Exercise 5: continuing with grades vs enrollment and level
Part a
\(H_0:\) \(\beta_2 = \beta_3 = \beta_4 = \beta_5 = 0\)
\(H_a:\) at least one of \(\beta_2, \beta_3, \beta_4, \beta_5\) are not 0
Part b
- to F-test comparison of
grades_model_3togrades_model_2reported usinganova()
Part c
The p-value is 2.19e-10 < 0.05. Thus we reject \(H_0\): We have statistically significant evidence that, when controlling for course enrollment, average grades differ by course level.
Exercise 6: Guess the p-value
grades_model_4 <- lm(grade ~ level, MacGrades)Part a
\(H_0:\) \(\beta_1 = 0\)
\(H_a:\) \(\beta_1 \ne 0\)
Part b
will vary
Part c
The p-value is 0.001058, which is the same as the t-test on the enroll coefficient in summary(grades_model_2). The p-value is the same because they’re testing the same hypotheses!
anova(grades_model_4, grades_model_2)
## Analysis of Variance Table
##
## Model 1: grade ~ level
## Model 2: grade ~ enroll + level
## Res.Df RSS Df Sum of Sq F Pr(>F)
## 1 5704 1995.6
## 2 5703 1991.9 1 3.7491 10.734 0.001058 **
## ---
## Signif. codes: 0 '***' 0.001 '**' 0.01 '*' 0.05 '.' 0.1 ' ' 1
Exercise 7: But is it a “good” model?
Part a
The enroll predictor doesn’t seem practically meaningful (to me!). There’s a small decrease in average grade per enrollment (0.002) when controlling for level. Given the small class sizes at Mac, this per-enrollment decrease wouldn’t “add up” to a meaningful drop in average grade in most courses.
But the level predictor does seem practically meaningful (to me!).
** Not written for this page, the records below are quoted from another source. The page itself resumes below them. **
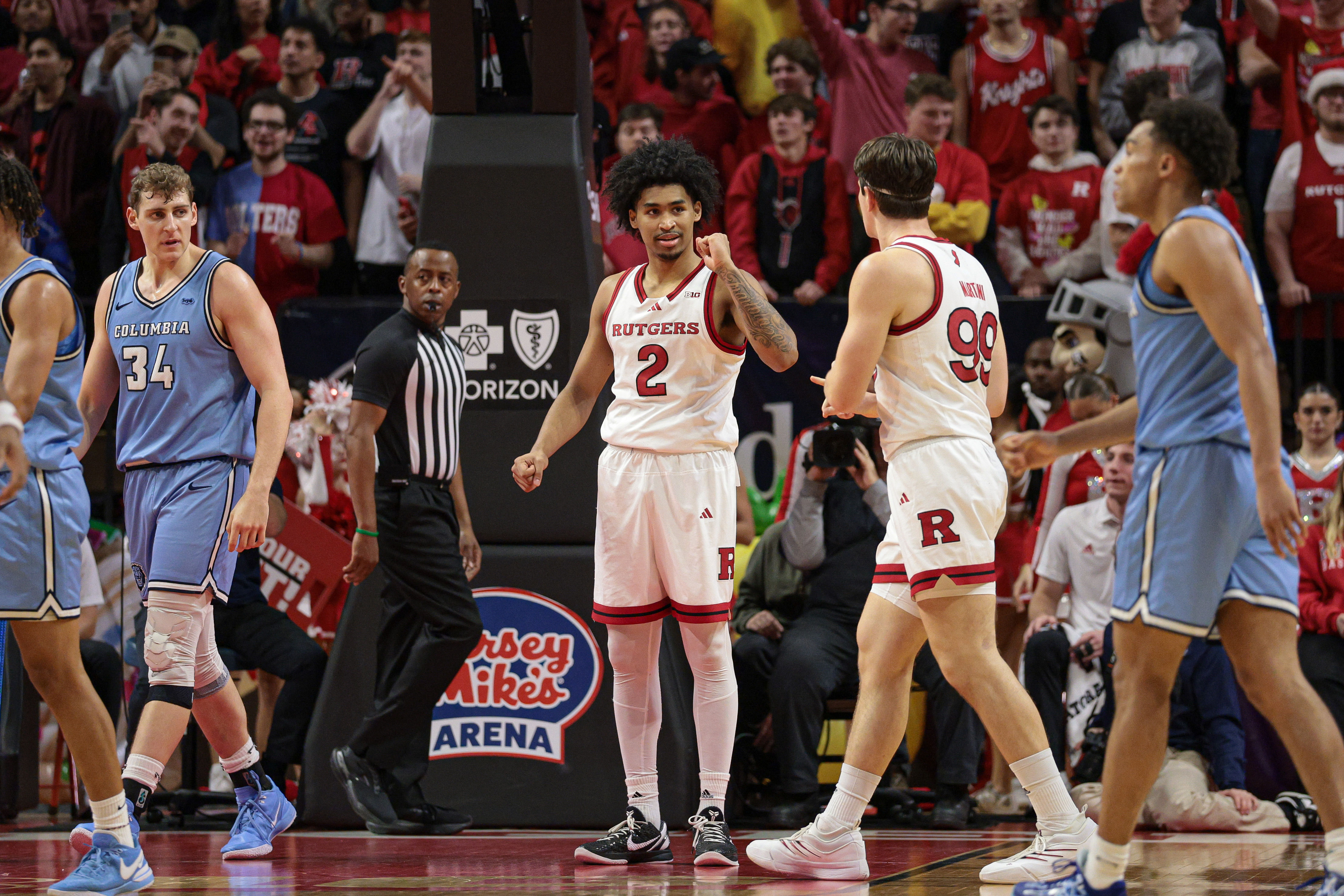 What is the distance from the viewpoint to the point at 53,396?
14.8ft

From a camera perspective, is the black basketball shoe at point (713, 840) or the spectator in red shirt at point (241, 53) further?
the spectator in red shirt at point (241, 53)

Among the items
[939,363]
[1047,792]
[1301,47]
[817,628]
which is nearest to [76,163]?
[817,628]

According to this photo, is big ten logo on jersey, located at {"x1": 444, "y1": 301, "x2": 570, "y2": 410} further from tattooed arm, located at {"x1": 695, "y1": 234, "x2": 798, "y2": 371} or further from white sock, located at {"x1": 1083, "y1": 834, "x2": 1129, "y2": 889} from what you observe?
white sock, located at {"x1": 1083, "y1": 834, "x2": 1129, "y2": 889}

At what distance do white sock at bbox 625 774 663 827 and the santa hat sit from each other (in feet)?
20.4

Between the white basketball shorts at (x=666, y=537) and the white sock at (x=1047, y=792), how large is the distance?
122 centimetres

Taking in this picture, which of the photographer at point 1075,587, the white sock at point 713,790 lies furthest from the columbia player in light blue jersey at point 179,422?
the photographer at point 1075,587

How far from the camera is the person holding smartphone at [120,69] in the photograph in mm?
10773

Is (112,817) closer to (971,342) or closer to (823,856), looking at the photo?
(823,856)

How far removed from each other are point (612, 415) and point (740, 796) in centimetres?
248

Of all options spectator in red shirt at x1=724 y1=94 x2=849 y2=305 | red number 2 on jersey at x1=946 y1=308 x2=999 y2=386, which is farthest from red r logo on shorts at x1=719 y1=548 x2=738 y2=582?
spectator in red shirt at x1=724 y1=94 x2=849 y2=305

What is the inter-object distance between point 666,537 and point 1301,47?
6.62m

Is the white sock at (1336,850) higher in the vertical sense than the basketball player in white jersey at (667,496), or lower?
lower

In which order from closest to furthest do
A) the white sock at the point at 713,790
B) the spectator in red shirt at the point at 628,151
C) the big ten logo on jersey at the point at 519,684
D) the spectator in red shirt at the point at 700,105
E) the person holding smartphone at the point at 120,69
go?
the white sock at the point at 713,790
the big ten logo on jersey at the point at 519,684
the spectator in red shirt at the point at 628,151
the spectator in red shirt at the point at 700,105
the person holding smartphone at the point at 120,69

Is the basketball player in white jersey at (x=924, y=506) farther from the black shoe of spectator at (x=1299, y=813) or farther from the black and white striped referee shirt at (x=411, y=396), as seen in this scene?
the black shoe of spectator at (x=1299, y=813) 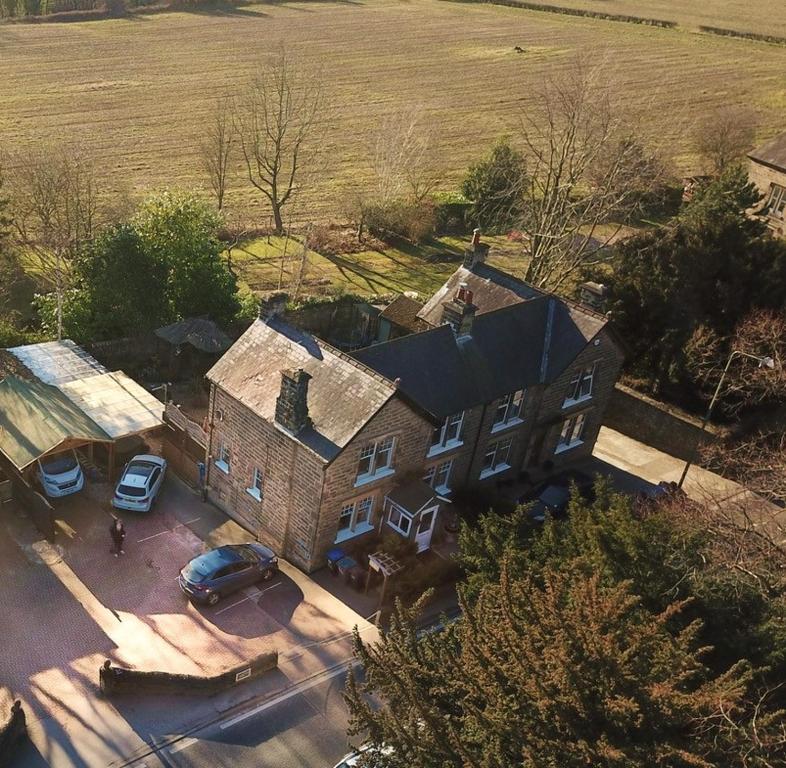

For example, an increase of 0.6 in the average grade from a 100-level to a 600-level course, when controlling for enrollment, is a big jump on the GPA scale.
Part b
Only 1.271%. (This is the R-squared value.)
Part c
It seems that course grades are associated with course level and enrollments, but these factors are not “good” predictors of grades.